-- Task to carry out --
Show every line of the material that follows in which the word "Road" occurs.

----

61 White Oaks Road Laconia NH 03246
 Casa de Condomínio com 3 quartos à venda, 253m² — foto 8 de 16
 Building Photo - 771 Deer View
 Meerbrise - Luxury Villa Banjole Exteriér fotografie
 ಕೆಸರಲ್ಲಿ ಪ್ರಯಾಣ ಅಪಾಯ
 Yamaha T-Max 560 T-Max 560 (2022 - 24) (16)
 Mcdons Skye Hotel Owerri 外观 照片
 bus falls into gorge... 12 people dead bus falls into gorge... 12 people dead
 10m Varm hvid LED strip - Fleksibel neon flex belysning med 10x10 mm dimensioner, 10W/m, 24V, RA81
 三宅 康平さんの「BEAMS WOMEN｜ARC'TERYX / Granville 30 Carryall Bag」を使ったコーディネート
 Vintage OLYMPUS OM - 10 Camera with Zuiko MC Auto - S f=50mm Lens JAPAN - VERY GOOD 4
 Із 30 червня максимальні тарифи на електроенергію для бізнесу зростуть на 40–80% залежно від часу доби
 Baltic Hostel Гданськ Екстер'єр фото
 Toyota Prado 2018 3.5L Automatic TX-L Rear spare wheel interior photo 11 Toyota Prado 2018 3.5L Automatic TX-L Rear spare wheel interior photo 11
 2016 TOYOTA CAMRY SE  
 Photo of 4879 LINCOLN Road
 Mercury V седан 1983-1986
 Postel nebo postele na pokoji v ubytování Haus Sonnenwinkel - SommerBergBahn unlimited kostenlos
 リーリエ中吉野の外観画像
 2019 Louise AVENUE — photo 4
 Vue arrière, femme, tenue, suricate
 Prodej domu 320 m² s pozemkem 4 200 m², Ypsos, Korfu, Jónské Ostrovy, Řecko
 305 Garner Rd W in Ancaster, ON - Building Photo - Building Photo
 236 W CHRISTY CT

----

-- Response to this exercise --
61 White Oaks Road Laconia NH 03246
 Photo of 4879 LINCOLN Road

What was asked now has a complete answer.